Hierarchical Schemes: this kind of trust management scheme is used by the PKI. There is a root CA which is directly trusted. The CA may certify certificates themselves, or may certify certificates that certify other certificates (trusted introducer) down some chain. The hierarchical scheme is represented as a tree structure. The leaf certificate’s validity is verified by tracing backwards from its issuer to other issuers, until a directly trusted root (CA) certificate is found.

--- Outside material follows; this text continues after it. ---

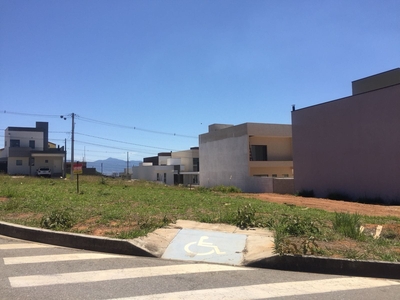 Terreno em Centro, Taubaté/SP de 211m² à venda por R$ 168.000,00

As discussed above, it is obvious that neither pure centralized nor pure distributed schemes are suitable for UWSNs. In hierarchical schemes, the computation and transmission of trust value is implemented in a hierarchical way. The trust values are passed and merged from a lower layer to an upper layer. Therefore, the hierarchical schemes are more appropriate for cluster-based topology which was widely used in UWSNs. In order to broadcast control information and retrieve the readings from underwater sensor nodes, the sink node must be able to authenticate itself. Moreover, in most applications the sink node acts as an interface between the UWSN and the land network.

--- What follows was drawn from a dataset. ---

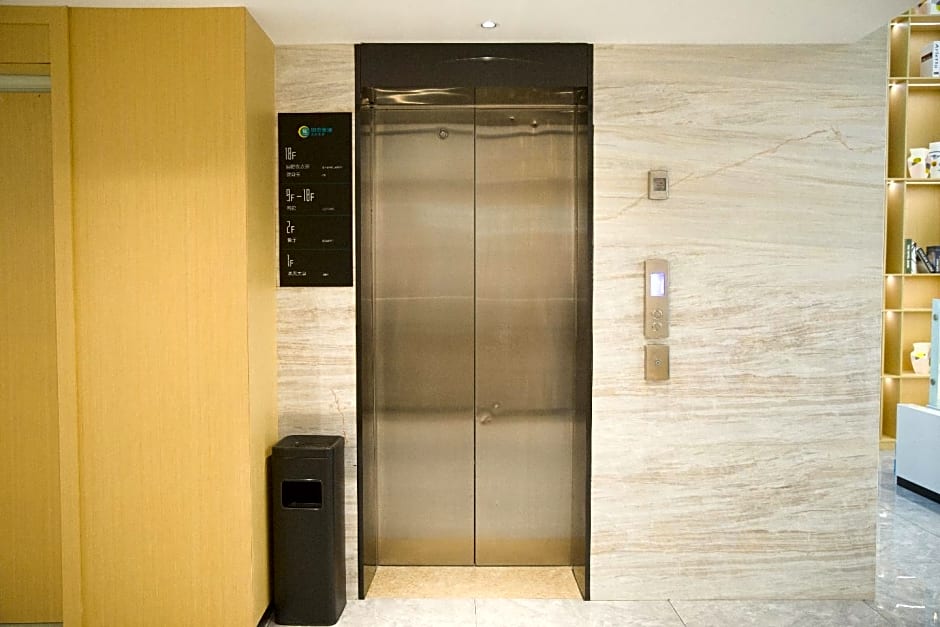 City Comfort Inn Badong Passenger Transport Center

4.2.4. Localization Security

Location estimation is a vital component in the source detection and tracking applications. The underwater sensor nodes get the location information and speed of mobile nodes during the localization phase. The location and motion information would be used in the routing protocol to select the best relay node to forward data. Without the location information, the sink node cannot identify where the received data comes from.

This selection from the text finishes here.